## DIRECTIONS FOR THIS TASK
Repeat the lines of the data that follow, please, starting at the first and stopping after the one with "1.29 Ct. Bi".

--- START ---

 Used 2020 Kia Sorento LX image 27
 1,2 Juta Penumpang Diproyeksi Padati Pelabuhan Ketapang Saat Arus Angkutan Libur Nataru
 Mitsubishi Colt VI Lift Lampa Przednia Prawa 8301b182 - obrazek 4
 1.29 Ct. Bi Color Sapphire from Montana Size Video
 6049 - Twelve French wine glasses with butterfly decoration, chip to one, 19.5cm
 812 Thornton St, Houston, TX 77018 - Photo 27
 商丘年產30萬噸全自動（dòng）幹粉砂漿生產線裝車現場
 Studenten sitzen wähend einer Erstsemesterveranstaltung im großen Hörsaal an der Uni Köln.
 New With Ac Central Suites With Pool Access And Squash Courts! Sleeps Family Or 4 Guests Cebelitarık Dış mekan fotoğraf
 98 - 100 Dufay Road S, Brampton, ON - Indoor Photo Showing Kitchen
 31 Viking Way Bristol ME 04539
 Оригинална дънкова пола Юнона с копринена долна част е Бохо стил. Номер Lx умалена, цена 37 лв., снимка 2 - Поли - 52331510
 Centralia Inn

--- END ---

## SOLUTION TO THIS TASK
 Used 2020 Kia Sorento LX image 27
 1,2 Juta Penumpang Diproyeksi Padati Pelabuhan Ketapang Saat Arus Angkutan Libur Nataru
 Mitsubishi Colt VI Lift Lampa Przednia Prawa 8301b182 - obrazek 4
 1.29 Ct. Bi Color Sapphire from Montana Size Video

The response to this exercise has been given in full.